After O’Brien’s update, the microphone went around the room for questions from the audience, many of which revolved around housing, development and homelessness.

District 6 resident Mike Carr raised concerns that the MHA would allow developers to pay a relatively small fee to avoid offering affordable units in their buildings. “Builders could come into a neighborhood, buy all the buildings, pay a very small percentage fee to the city, and force everybody who was living there to move elsewhere.”

O’Brien recognized the potential for displacement in spite of the MHA — the legislation calls for 5 to 7 percent affordable housing per development, which O’Brien argues is better than nothing.  “Should it be 25 percent? Would I like to see 25 percent? Absolutely. The concern you raise about displacement happening, I absolutely share with you. But I would point back and say, that’s what’s happening under our current law.”

Several in the audience asked questions about homelessness, and for tangible evidence that the city is responding. While O’Brien pointed out several statistics that are positive — 350 new affordable housing units this year, more shelter options, and 2500 households that have transitioned out of homelessness and into housing — he still recognized that the problem is out of control.

“We have more housing, we have more shelters, we’re doing a better job of getting people into housing. Unfortunately, we still have more people living outdoors, and more people dying.
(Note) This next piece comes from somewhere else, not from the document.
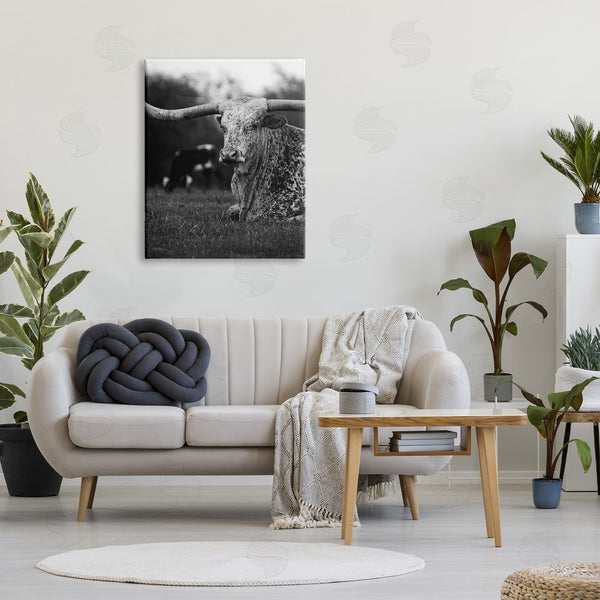 Stupell Industries Dakota Diener | Resting Longhorn Photography Wall Art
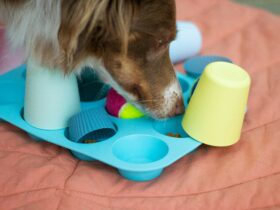 Best Toys for Senior Dogs: Keeping Older Pups Active and Happy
There’s something broken in our system, that despite doing better work at the local level, there are more and more people entering homelessness every year,” O’Brien said. “We haven’t been able to keep up with the demand.”

If you want to watch the Q&A in its entirety, head over to the My Ballard Group on Facebook, where moderator Lauri Miller posted a video of the meeting.

Wednesday’s meeting was the last of the year — the Ballard District Council will meet again January 9.

Thanks to James Passey for posting the above photo in the My Ballard Group

45 thoughts to “Development and homelessness dominate Q&A at Mike O’Brien’s district council appearance”

        1. Well you can go to the meeting or be a little whiny bitch and complain that the person who took the time to actually go and post it online didn’t do it in the right format for you.

          1. I don’t really have a dog in this hunt but the dude wasn’t whining or complaining about how/where the video was posted. He’s just looking for a way to see it since the two proffered means are not available to him.

  1. Mike

    I’ve solved your mystery about increasing homeless.

    When you and the CC opened up the entire city to camping, and then piled on a month’s worth of red tape to remove them, and decriminalized it, you encouraged more people to exploit that option.

    My consulting fee is $5k.

    1. $5k? Dude, the bids start at $100k in the hobo industrial complex and that’s for stupid ideas that will only cost more and attract more hobos.

    1. Hi, thanks for your support! Friend, you don’t sound very woke. Don’t you buy into the myth that Big Hobo is working to find solutions to the homelessness problem? They must be, we’re taxing you enough for it! So how could I be lying? And especially to you, my most favorite constituent? And Remember, Vote Salty, Vote O’Brine 2019!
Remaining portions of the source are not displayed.